ABOUT THIS EXERCISE: Only an exact copy belongs in the answer: the line with "微软次世代游戏主机 xbox series x，性能强悍，带给你身临其境般的游戏体验" and every line after it through the end of the records, pictures left out.

··········

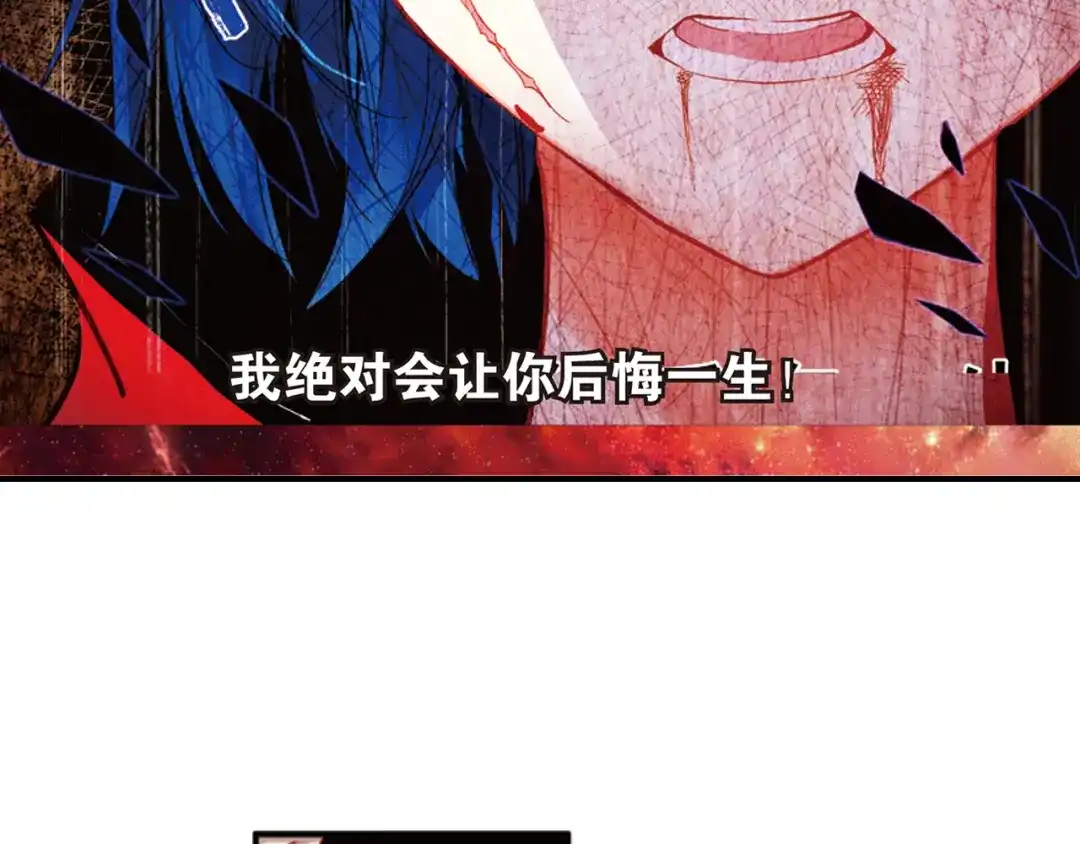 《烈火青春》第25话 没有退路 第66页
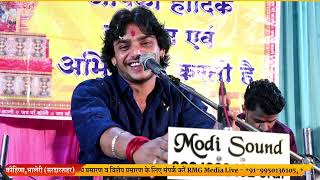 राजा मोरध्वज की कथा Mahaveer Sankhla kohina Live [upl. by Darrell]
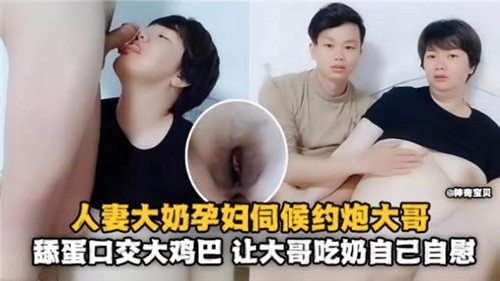 人妻孕妇巨乳诱惑,伺候大哥舔蛋口交大鸡巴,让大哥吃奶同时自慰高潮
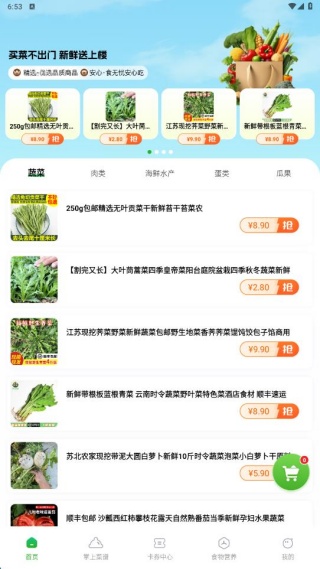 生鲜买菜商城app最新版下载 生鲜买菜商城app最新版下载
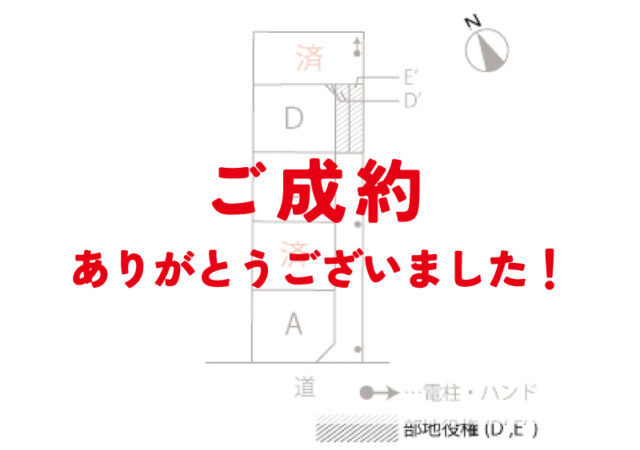 【土地】今川町馬捨場B区画 ご成約ありがとうございました！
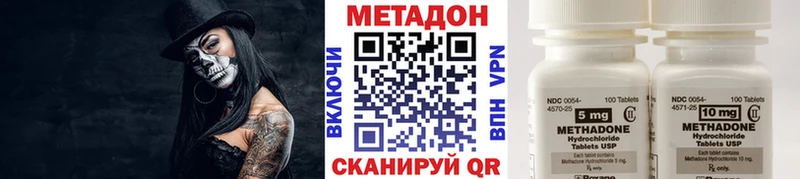 купить  цена  Пыть-Ях  МЕТАДОН кристалл 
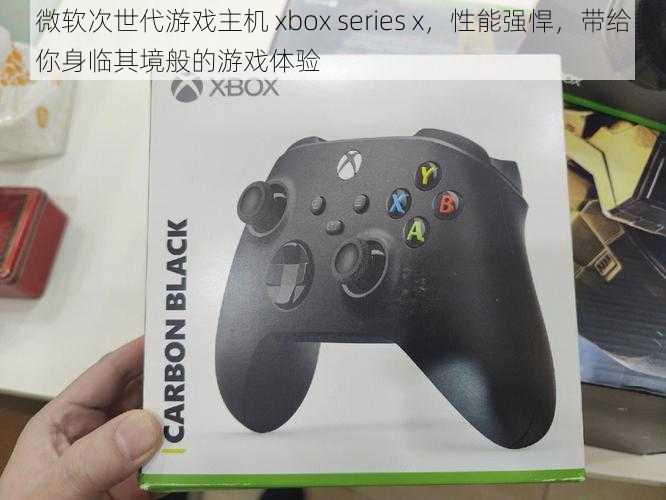 微软次世代游戏主机 xbox series x，性能强悍，带给你身临其境般的游戏体验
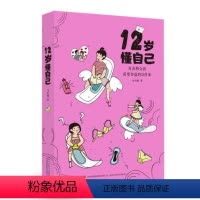 [正版]12岁懂自己:青春期女孩需要知道的31件事马小娜社会科学书籍9787558123870 吉林出版集团股份有限公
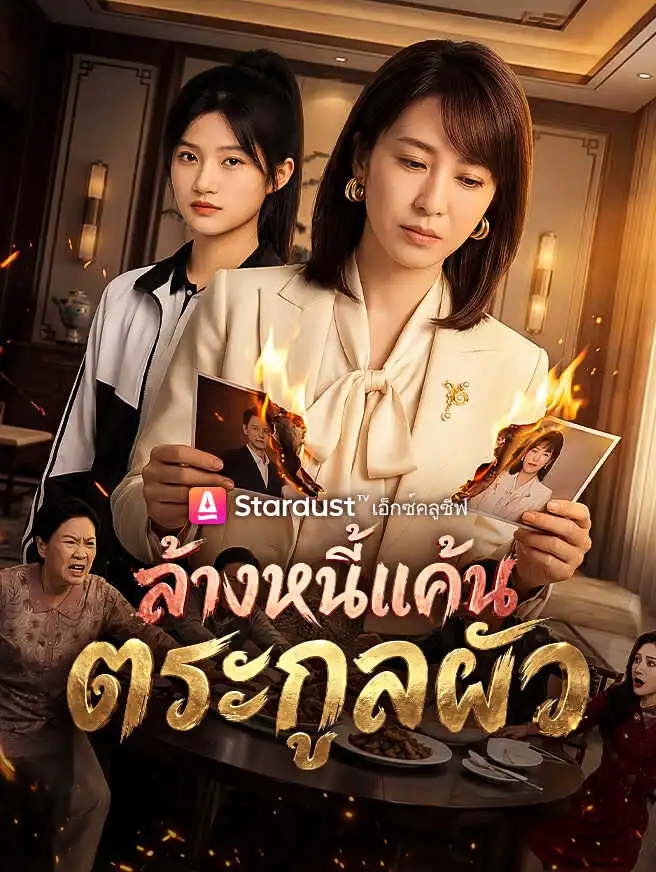 ล้างหนี้แค้นตระกูลผัว short drama poster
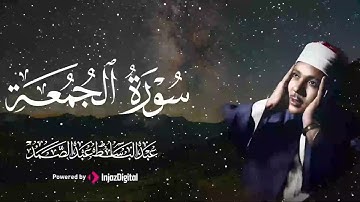 سورة الجمعة كاملة | تلاوة خاشعة للشيخ عبد الباسط عبد الصمد | جودة عالية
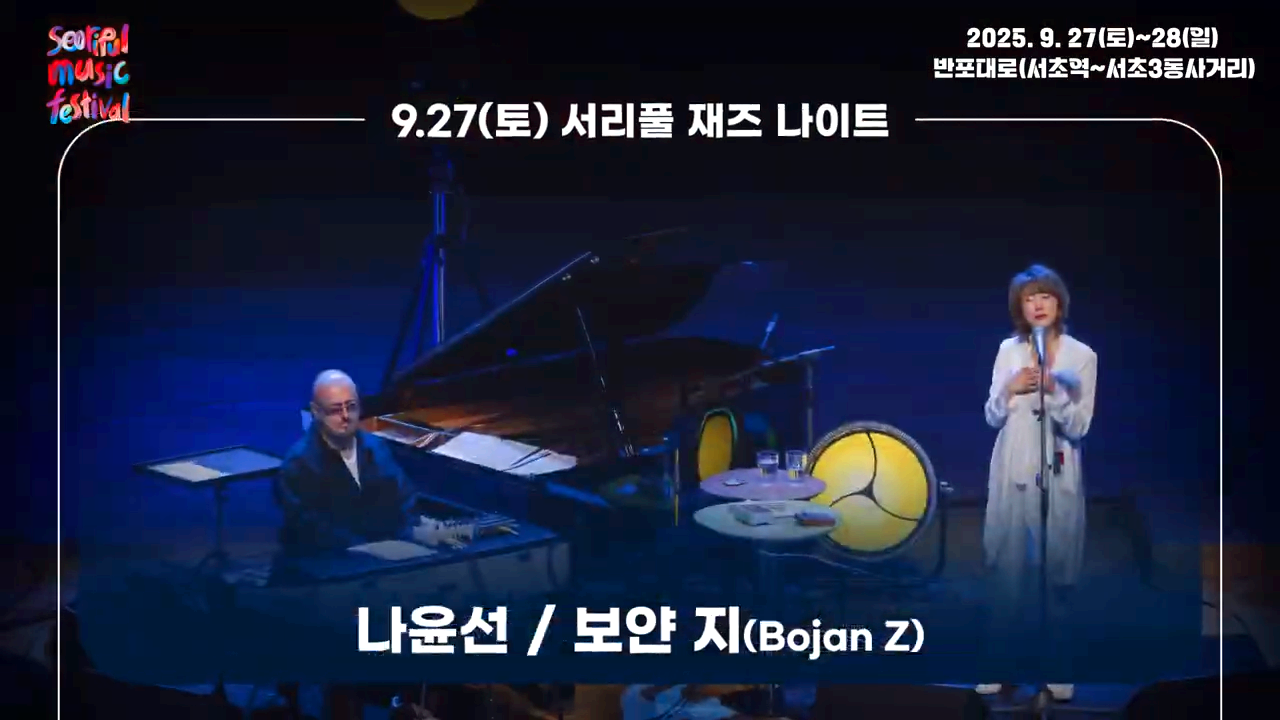 서리풀뮤직페스티벌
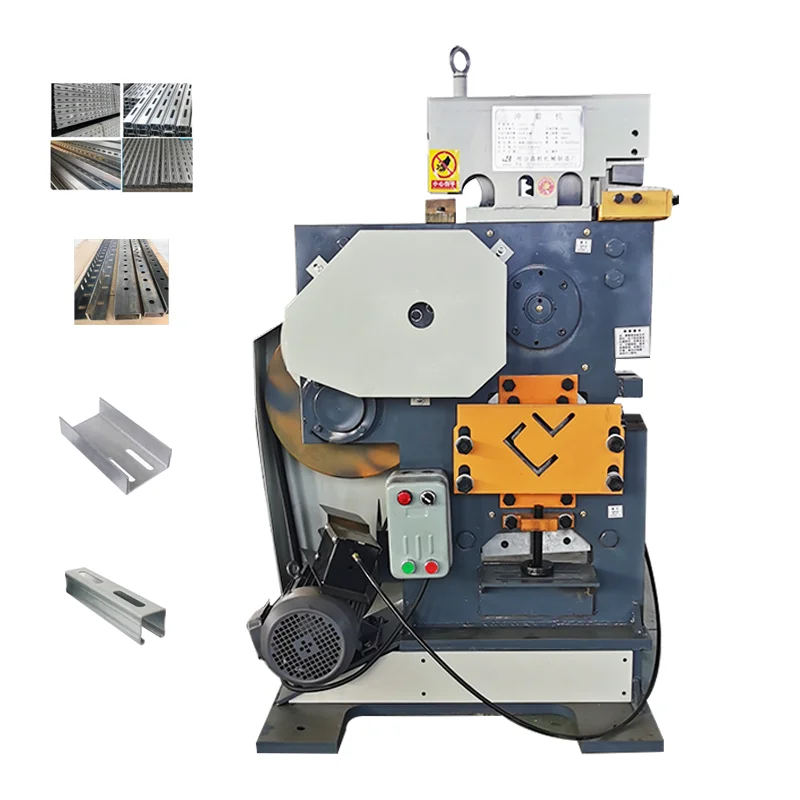 سهلة التشغيل QA32 - 12B نوعية جيدة زاوية اللكم وسم آلة القص اللكم المعدني آلة قطع الصلب الحديد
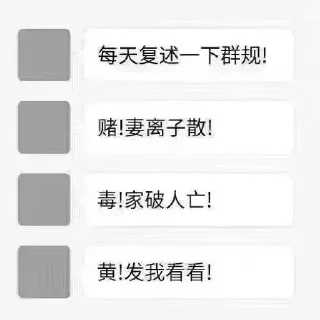 ✨ emoji 天 月新 静态贴纸包(0) Telegram sticker 18 of 66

··········

OUTPUT OF THE EXERCISE:
 微软次世代游戏主机 xbox series x，性能强悍，带给你身临其境般的游戏体验
 [正版]12岁懂自己:青春期女孩需要知道的31件事马小娜社会科学书籍9787558123870 吉林出版集团股份有限公
 ล้างหนี้แค้นตระกูลผัว short drama poster
 سورة الجمعة كاملة | تلاوة خاشعة للشيخ عبد الباسط عبد الصمد | جودة عالية
 서리풀뮤직페스티벌
 سهلة التشغيل QA32 - 12B نوعية جيدة زاوية اللكم وسم آلة القص اللكم المعدني آلة قطع الصلب الحديد
 ✨ emoji 天 月新 静态贴纸包(0) Telegram sticker 18 of 66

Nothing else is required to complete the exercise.